Microbial screening are laboratory methods for the detection of specific features in microorganisms, for example, bacteria. In summary, we design in silico routines simulating colonies of synthetic bacteria. Based on bacterial colonies, we emulate their homologues in vivo, conducting those experimental laboratory protocols developed to measure microbial fitness in silico. Using such procedures, which are referred to in the laboratory as screening methods, it is possible to obtain an evaluation function and then evaluate the candidate solutions in a genetic algorithm.

2. Materials and Methods

In the present work, we solved two optimization problems with evolutionary algorithms, with the novelty that the evaluation functions were designed by colonies of synthetic bacteria. In order to study their reliability in the evaluation fitness step, the evaluation functions were included in the code of two evolutionary algorithms: a Simple Genetic Algorithm (SGA) [18] and a Simple Microbial-Genetic Algorithm (SMGA). The latter algorithm [19] includes a microbial tournament operator (Figure 1). It is a special type of crossover in which the individuals are selected in pairs, their fitness values are compared and the highest fitness individual passes a copy of a randomly selected segment to the worst evaluated individual. In this paper, we found it of interest to perform experiments with the SMGA algorithm, since recombination is somewhat more similar to the mechanism of bacterial conjugation than single-point recombination of the SGA.
As mentioned above, the main contribution of this work was that in both evolutionary algorithms (Figure 2), the fitness function was obtained externally by a colony of synthetic bacteria. Bacteria are agents that were programmed in a cellular programming language, in particular, Gro 4.0 [14], incorporating the resulting fitness functions into the code of the evolutionary algorithms.
Using Gro language, we coded the scripts of the in silico microbial screening procedures and the main synthetic bacteria features. The bacterial colony executes a program written in this language parallel to each bacterium, allowing the collective colony behaviors to be explored from individual cell specifications. Specifically, the simulator can model different biological phenomena, such as cell division, chemotaxis and signal diffusion, among other physiological phenomena [14,15]. An extended version of Gro has recently been published allowing the design and recombination of plasmids [16]. Although the former feature is not used in our simulation experiments, we have used this version because the execution of the scripts is slightly faster than the original version of Gro.

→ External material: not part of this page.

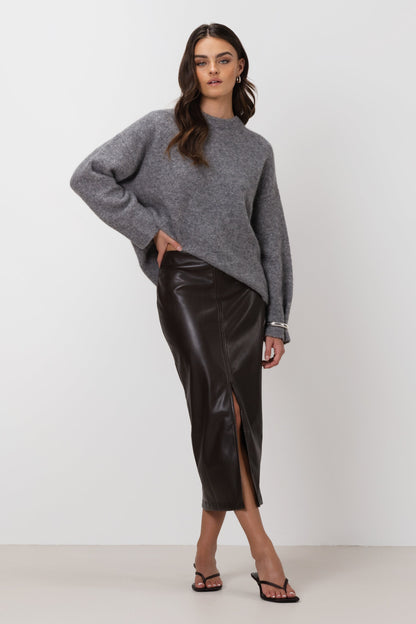 Brooklyn Faux Leather Skirt | Espresso Brown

2.1. Microbial Screening Methods in Silico: Procedures and Implementation

Microbial screening procedures in silico are algorithms simulating biological mechanisms and experimental protocols that are usually applied in the wet lab. In order for a screening routine to be capable of detecting and evaluating the fitness of a given candidate solution, we will need a feature which value increases according to the suitability of the solution. In our case, the size of the colony (i.e., the number of synthetic bacteria), the total expression of a reporter protein, e.g., green fluorescent protein (GFP), etc. In this work, we designed three screening procedures (Figure 3) based on the following bacterial features: (a) bacterial resistance to an antibiotic, (b) processing of lactose (i.e., bacteria use this sugar as an energy source) by Lac operon and (c) chemotaxis, i.e., the ability of bacteria to move to a food source or other attractive substance.

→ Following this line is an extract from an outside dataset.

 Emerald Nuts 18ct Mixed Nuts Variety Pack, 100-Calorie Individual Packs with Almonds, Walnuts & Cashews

In the following, we describe the basis of the three screening routines, whereas the details of the scripts, i.e., their implementation in the Gro language, are described in the Appendix A:
  • Antibiotic resistance: This selection method is the usual one in a laboratory of microbiology, synthetic biology, etc., since it is easy to apply and resistance is known for a multitude of antibiotics [20]. The implementation in Gro (Appendix A, Figure A1) of this screening procedure simulates a randomly distributed signal emulating an antibiotic (Figure 4), being received by all synthetic bacteria. Since in Gro there is a command to cause the death of bacterial cells, this command is used to simulate the effect of the antibiotic on those bacteria that do not satisfy a particular logical condition. Thus, all synthetic bacteria with the desired phenotype will be resistant to the signal, while the rest of the bacteria will die.

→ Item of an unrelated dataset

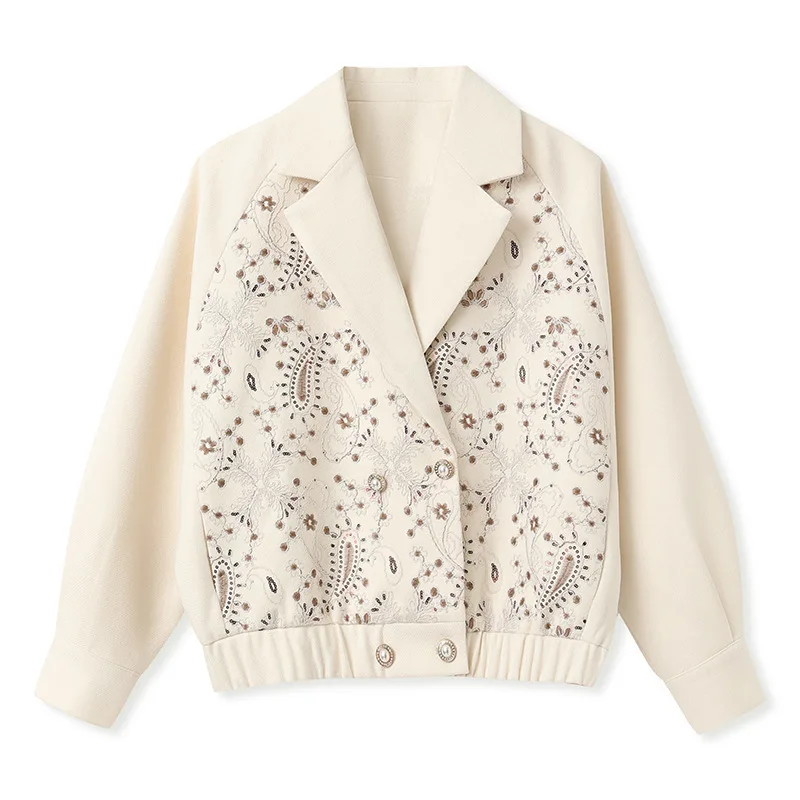 Spring Autumn New Heavy Embroidery Retro All-match Tops Fashionable Lapel Cotton Jackets for Women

  • Lac Operon: The genes of bacteria are organized into operons [21]. When nutrient levels in the environment change, the genes of the bacteria vary in their expression in response to those changes. For example, the operon lactose (Lac) changes its state depending on the levels of lactose sugar in the environment. In the experimental realm, the Lac operon is one of the most commonly used in synthetic biology experiments, contributing to the controlled and effective implementation of diverse biotechnological processes. At the cellular level, the Lac operon is in charge of regulating the synthesis of the molecular machinery necessary for lactose degradation. Therefore, its presence in the bacteria is an advantage that can be used in a selection procedure. The Lac operon implementation in Gro (Appendix A, Figure A2) is inspired by the logic that regulates the operon (Figure 5), not including the regulating elements of the operon. In this work, we have only simulated the conditions under lacZ effector acts on the operon: in the absence or low levels of glucose and presence of lactose. In the Gro routine, such conditions will be subrogated to the logical condition of the optimization problem to be solved. Therefore, if the synthetic bacterium does not meet the logical condition of the problem, the bacterium will not hold the operon, and therefore will not be able to degrade the lactose. In addition, as the bacterial growth rate is related to the amount of available nutrients, bacterial colonies unable to degrade lactose will have a lower fitness value. In this screening procedure, besides the logic described above, the different metabolic reactions that occur during the degradation of the main carbon source were also taken into account. For this reason, three reactions have been defined that will regulate the system: (a) obtaining glucose from biomass by the catalytic action of an enzyme, (b) lactose degradation by lacZ obtaining glucose and galactose and (c) degradation of galactose by an enzyme.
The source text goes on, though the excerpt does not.